━━ Records shown ━━

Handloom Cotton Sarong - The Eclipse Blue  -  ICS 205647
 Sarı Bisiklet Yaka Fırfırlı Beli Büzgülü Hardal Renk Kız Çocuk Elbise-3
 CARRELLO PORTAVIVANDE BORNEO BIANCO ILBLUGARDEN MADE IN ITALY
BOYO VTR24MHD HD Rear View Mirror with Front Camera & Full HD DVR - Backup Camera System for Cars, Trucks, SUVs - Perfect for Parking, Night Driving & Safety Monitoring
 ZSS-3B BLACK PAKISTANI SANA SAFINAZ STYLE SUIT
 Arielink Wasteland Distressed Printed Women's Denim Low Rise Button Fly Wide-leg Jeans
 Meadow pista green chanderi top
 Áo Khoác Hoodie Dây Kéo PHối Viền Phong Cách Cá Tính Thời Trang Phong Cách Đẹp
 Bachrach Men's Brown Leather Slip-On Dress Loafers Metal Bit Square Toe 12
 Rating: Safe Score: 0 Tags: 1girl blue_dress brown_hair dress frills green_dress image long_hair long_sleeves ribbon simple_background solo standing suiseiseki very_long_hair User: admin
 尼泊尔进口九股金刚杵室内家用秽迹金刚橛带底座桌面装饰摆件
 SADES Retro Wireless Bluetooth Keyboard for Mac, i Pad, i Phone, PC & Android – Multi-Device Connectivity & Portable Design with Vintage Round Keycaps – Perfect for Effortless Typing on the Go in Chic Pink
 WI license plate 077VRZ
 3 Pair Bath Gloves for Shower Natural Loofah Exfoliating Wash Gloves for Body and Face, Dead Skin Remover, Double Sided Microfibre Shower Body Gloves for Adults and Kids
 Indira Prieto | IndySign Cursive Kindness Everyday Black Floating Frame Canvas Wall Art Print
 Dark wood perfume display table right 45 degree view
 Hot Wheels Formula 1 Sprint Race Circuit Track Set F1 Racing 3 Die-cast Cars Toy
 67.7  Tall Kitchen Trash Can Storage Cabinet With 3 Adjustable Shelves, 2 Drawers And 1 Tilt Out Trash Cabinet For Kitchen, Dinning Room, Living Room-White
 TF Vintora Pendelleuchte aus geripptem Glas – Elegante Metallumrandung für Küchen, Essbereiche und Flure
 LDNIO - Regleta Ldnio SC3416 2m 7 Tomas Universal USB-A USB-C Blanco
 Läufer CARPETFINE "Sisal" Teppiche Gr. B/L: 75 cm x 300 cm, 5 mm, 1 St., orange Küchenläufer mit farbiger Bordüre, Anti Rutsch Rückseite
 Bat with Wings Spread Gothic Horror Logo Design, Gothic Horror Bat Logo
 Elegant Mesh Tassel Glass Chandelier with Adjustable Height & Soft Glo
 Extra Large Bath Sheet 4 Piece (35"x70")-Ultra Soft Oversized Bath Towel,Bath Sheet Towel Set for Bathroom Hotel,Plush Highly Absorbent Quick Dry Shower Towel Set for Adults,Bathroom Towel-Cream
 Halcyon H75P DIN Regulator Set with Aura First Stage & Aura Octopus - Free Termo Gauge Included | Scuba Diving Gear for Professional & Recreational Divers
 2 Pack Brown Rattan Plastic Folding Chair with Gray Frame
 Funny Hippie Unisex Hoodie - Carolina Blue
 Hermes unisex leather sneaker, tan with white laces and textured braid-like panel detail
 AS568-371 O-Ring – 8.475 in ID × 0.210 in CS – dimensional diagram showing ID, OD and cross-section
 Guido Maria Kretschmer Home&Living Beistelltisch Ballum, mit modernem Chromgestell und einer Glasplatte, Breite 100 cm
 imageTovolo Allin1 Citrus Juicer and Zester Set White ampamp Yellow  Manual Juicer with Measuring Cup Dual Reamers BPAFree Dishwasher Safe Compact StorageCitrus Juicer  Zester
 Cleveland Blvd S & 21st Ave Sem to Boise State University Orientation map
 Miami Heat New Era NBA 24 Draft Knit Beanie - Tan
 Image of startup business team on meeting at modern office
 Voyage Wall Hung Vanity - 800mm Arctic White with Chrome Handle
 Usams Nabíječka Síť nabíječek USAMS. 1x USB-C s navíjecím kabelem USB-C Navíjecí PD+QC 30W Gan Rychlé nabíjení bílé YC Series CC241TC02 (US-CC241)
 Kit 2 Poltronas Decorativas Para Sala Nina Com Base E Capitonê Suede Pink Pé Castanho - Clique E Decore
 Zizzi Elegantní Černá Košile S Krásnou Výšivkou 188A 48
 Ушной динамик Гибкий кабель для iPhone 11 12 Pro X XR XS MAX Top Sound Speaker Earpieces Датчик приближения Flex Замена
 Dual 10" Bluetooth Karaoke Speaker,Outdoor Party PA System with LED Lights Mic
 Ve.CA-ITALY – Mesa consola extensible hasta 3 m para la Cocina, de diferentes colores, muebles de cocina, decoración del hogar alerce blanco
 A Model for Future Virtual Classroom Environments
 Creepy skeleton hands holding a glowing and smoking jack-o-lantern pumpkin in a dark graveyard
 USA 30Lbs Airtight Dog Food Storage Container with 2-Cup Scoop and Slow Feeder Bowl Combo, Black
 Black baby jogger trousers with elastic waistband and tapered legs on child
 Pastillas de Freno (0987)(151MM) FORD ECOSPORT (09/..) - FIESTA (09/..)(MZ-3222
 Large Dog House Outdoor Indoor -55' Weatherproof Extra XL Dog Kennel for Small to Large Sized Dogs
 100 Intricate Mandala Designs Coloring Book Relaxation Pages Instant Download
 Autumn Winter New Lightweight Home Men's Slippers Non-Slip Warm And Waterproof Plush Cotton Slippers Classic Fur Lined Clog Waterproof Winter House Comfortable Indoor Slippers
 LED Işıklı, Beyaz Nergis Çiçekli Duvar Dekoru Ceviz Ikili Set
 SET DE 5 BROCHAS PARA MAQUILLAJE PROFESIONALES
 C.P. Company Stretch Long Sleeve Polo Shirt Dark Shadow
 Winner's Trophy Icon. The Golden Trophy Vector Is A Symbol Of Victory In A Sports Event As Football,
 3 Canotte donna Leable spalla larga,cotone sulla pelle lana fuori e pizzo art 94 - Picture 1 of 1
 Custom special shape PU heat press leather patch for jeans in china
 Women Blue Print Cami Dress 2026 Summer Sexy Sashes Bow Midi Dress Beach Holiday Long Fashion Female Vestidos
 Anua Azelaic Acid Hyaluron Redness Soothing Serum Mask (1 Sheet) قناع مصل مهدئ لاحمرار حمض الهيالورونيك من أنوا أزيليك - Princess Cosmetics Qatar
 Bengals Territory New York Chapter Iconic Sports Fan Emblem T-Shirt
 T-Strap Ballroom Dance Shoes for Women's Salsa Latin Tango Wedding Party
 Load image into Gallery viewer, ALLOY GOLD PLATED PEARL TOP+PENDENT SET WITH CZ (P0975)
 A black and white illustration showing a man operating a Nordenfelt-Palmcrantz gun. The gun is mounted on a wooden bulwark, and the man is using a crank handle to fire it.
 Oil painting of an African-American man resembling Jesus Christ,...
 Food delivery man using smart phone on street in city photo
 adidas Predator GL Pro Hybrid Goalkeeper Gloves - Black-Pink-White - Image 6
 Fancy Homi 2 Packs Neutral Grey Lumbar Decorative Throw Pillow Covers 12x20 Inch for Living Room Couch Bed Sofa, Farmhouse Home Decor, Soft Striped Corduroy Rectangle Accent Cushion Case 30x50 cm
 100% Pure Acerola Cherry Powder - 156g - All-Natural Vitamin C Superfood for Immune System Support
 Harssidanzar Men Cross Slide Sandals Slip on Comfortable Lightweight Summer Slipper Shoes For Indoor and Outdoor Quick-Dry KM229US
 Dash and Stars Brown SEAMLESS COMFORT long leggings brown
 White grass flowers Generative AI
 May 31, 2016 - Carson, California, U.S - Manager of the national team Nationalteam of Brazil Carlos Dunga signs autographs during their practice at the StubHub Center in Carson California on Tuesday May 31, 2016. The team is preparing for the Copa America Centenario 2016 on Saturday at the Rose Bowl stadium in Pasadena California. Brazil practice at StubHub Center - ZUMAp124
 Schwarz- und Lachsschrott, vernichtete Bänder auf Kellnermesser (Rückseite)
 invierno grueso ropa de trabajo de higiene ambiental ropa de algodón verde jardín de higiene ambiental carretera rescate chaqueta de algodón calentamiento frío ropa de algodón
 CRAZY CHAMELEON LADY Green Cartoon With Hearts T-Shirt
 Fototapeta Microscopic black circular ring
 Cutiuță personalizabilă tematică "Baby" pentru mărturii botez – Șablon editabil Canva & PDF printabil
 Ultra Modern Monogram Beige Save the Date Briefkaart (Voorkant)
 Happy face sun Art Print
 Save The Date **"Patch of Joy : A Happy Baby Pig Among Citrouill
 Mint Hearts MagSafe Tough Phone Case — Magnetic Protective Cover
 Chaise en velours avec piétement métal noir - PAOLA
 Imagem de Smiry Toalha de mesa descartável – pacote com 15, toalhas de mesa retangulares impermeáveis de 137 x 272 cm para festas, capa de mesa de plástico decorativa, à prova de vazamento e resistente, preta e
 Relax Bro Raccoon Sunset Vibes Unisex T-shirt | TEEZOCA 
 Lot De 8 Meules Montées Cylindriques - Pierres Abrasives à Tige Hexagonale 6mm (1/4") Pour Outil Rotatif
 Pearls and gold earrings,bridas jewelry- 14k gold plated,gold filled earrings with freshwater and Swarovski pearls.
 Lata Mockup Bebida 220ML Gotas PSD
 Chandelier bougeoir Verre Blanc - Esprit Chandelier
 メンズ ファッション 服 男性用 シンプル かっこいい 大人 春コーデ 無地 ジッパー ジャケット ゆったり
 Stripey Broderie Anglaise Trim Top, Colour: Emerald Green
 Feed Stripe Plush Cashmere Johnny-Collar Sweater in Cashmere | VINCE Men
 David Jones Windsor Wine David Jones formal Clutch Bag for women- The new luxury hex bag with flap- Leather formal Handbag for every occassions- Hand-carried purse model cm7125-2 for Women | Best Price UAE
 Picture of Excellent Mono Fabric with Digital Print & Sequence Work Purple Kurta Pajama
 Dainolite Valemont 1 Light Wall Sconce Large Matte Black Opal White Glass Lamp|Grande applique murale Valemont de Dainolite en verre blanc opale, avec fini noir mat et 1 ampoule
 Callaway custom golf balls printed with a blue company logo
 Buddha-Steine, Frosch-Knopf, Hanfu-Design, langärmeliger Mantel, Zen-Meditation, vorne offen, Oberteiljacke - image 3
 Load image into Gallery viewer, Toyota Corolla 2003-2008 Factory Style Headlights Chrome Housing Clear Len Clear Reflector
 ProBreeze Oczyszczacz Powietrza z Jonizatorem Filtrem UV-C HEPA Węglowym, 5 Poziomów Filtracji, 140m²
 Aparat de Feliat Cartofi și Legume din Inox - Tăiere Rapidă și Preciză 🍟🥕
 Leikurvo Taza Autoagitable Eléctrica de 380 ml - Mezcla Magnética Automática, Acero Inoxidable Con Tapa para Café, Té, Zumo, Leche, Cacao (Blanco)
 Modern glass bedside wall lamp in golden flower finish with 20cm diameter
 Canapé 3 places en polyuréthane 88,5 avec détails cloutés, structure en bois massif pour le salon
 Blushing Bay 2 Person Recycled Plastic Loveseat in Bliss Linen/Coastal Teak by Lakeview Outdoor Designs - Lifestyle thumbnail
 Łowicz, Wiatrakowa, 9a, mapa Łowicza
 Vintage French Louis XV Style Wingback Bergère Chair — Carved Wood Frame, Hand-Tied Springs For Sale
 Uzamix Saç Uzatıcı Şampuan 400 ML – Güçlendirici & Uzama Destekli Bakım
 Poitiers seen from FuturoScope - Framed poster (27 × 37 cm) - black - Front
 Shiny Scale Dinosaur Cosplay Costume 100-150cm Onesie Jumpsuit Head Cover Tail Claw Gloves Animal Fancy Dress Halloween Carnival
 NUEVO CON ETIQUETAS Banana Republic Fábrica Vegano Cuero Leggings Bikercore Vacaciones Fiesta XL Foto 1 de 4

━━━

Beginning at the first line of the data above, retype each line until you reach the line containing "Áo Khoác Hoodie", and include that one too. Add nothing else.

Answer box
Handloom Cotton Sarong - The Eclipse Blue  -  ICS 205647
 Sarı Bisiklet Yaka Fırfırlı Beli Büzgülü Hardal Renk Kız Çocuk Elbise-3
 CARRELLO PORTAVIVANDE BORNEO BIANCO ILBLUGARDEN MADE IN ITALY
BOYO VTR24MHD HD Rear View Mirror with Front Camera & Full HD DVR - Backup Camera System for Cars, Trucks, SUVs - Perfect for Parking, Night Driving & Safety Monitoring
 ZSS-3B BLACK PAKISTANI SANA SAFINAZ STYLE SUIT
 Arielink Wasteland Distressed Printed Women's Denim Low Rise Button Fly Wide-leg Jeans
 Meadow pista green chanderi top
 Áo Khoác Hoodie Dây Kéo PHối Viền Phong Cách Cá Tính Thời Trang Phong Cách Đẹp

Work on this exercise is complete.